The role involves building AI infrastructure that scales, managing complex multi-cluster Kubernetes deployments across five distinct environments: NMS, Sandbox, Development, Staging, and Production.
The candidate will design systems for production readiness while ensuring security and operational excellence.
Responsibilities include managing multi-environment Kubernetes architecture, designing redundancy and failover mechanisms for the centralized NMS hub, and developing Pulumi-based infrastructure using Python.
The role requires managing complex cross-environment dependencies, automating resource provisioning, and implementing zero-trust security measures.
The candidate will deploy and configure observability tools such as Prometheus, Grafana, and CloudWatch, and design alerting and incident response procedures.
The position also involves managing a centralized API for all environments and optimizing resource utilization across node groups.
Requirements:
The candidate must have 5+ years of experience in DevOps, SRE, or infrastructure engineering.

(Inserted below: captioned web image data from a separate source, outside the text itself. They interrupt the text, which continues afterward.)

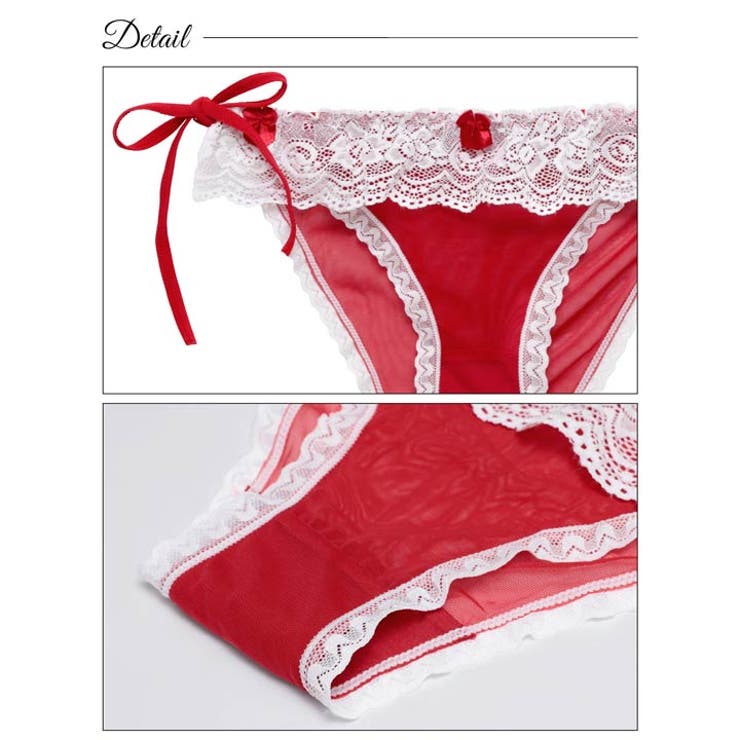 ラブリーフリルリボンサイド紐フルバックショーツ単品 | Dazzy | 詳細画像8 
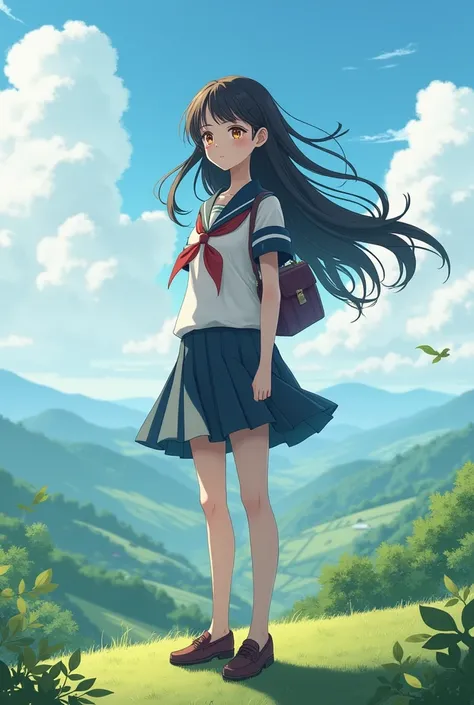 high school student girl,standing on the hill,gentle breeze,fluttering long hair,real life adaptation,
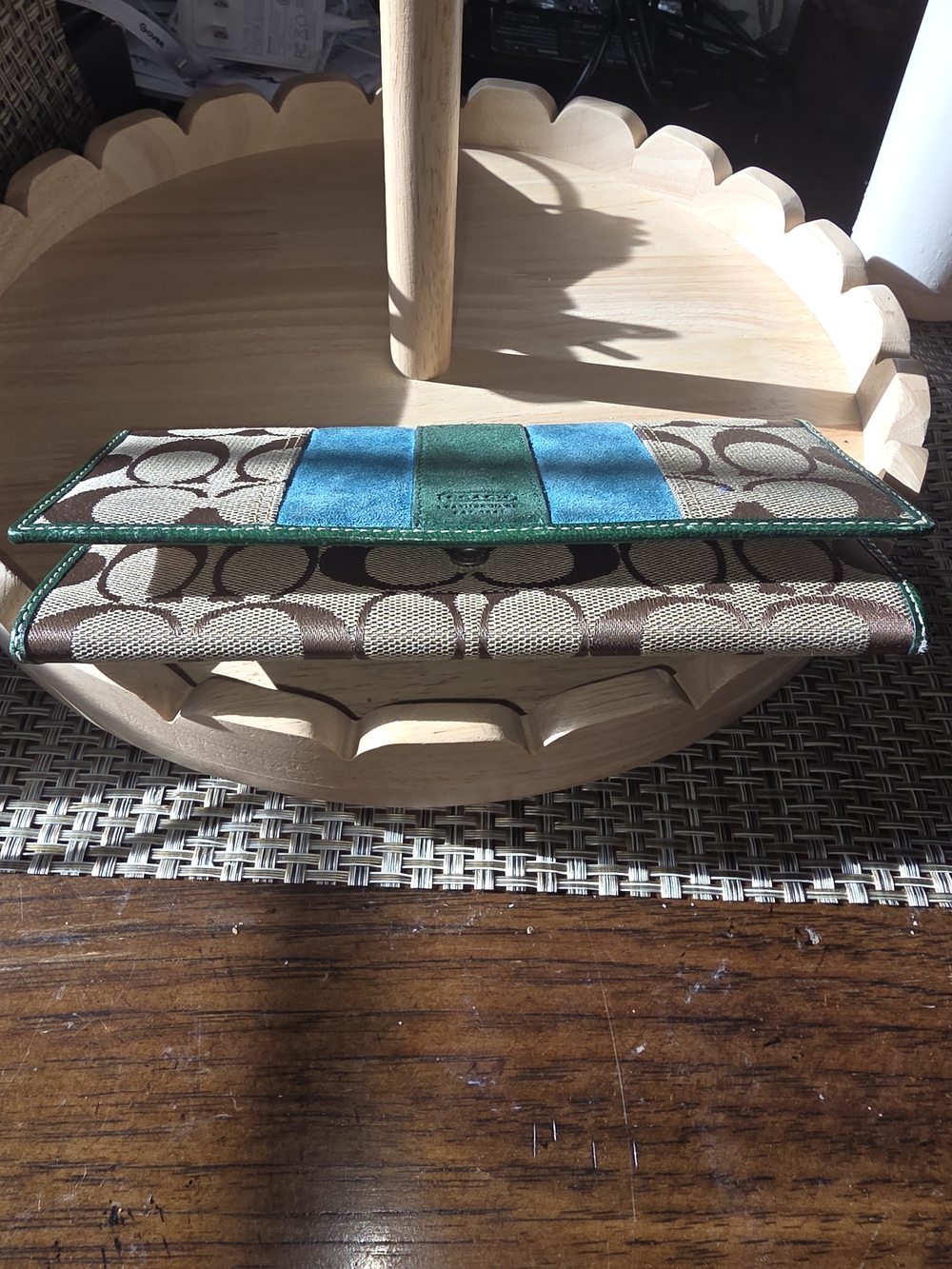 Coach Signature Canvas Bifold Long Wallet in Khaki with Teal & Green Suede - Picture 10 of 11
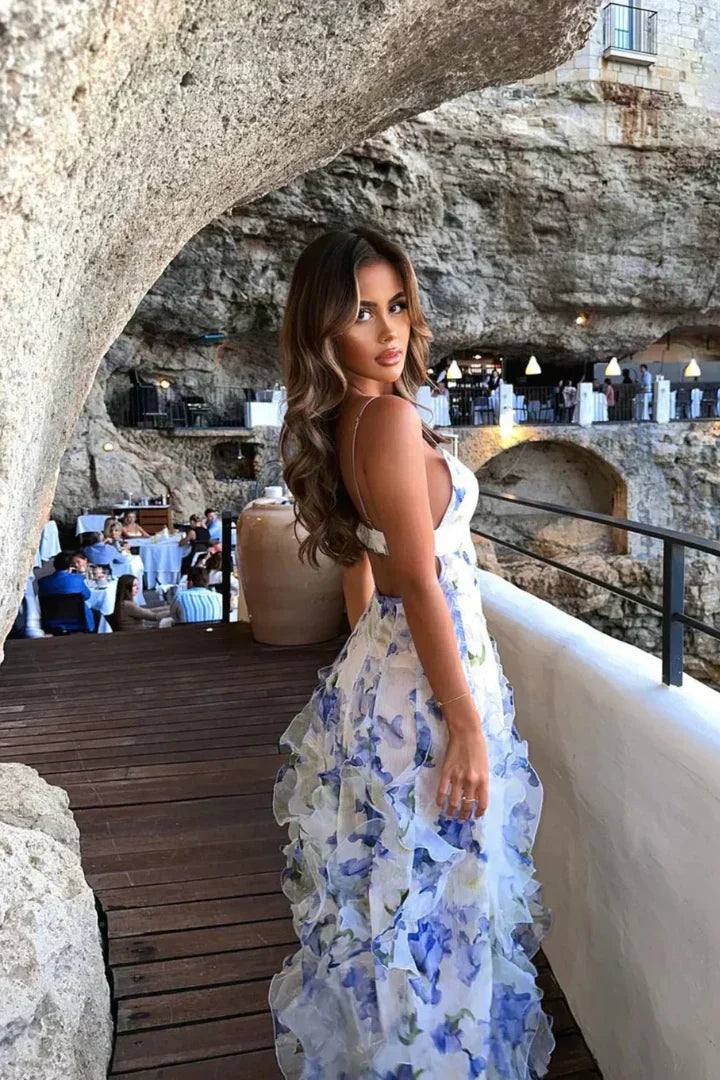 Dress for Women – Maxi – Slim Fit – Ruched Skirt – Breathable Floral Fabric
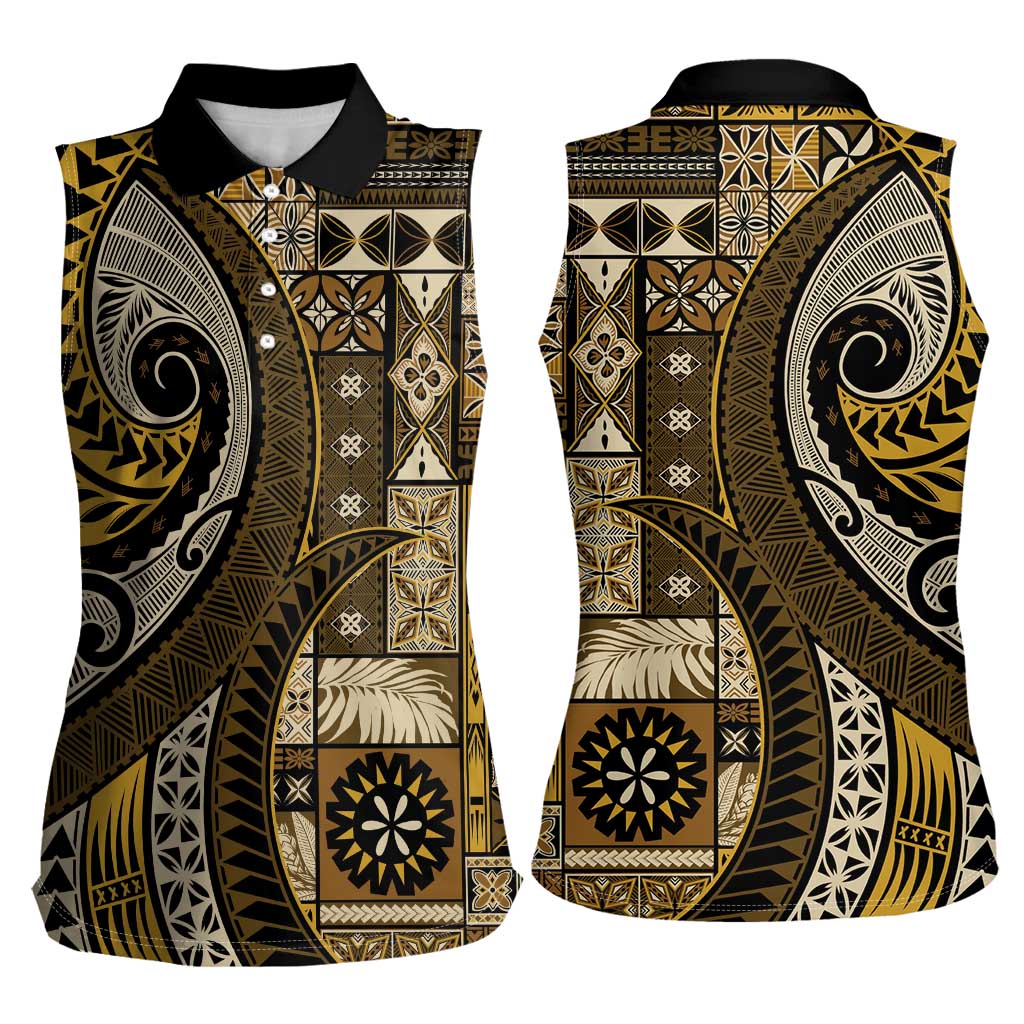 Vintage Samoa Siapo Mamanu Women Sleeveless Polo Shirt Gold Samoan Tapa Motif - Polynesian Pride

Expert-level Kubernetes experience with EKS and multi-cluster management is required.
Strong Python programming skills for infrastructure automation and API development are essential.
Expertise in Infrastructure as Code with Pulumi, Terraform, or similar tools is necessary.
Deep knowledge of AWS services including VPC, EKS, ECR, S3, CloudWatch, IAM, and networking is required.
Experience in Linux system administration and containerization with Docker is needed.
Hands-on experience with Prometheus, Grafana, and centralized logging systems is a must.
The candidate should have network security experience, including VPN, firewalls, and certificate management, along with an understanding of zero-trust architecture principles.
Nice-to-have qualifications include experience with machine learning infrastructure, HashiCorp Vault administration, GitOps, service mesh technologies, database administration, and CI/CD pipeline design.
Benefits:
The position offers a competitive base salary and a performance-based bonus based on achieving goals.
Equity participation is included as part of the compensation package.
Comprehensive benefits are provided, including health, dental, vision, and paid time off.
A flexible work environment is available, with options for hybrid work or remote work considered.
There is an option to start on a contract basis with the potential for full-time hire.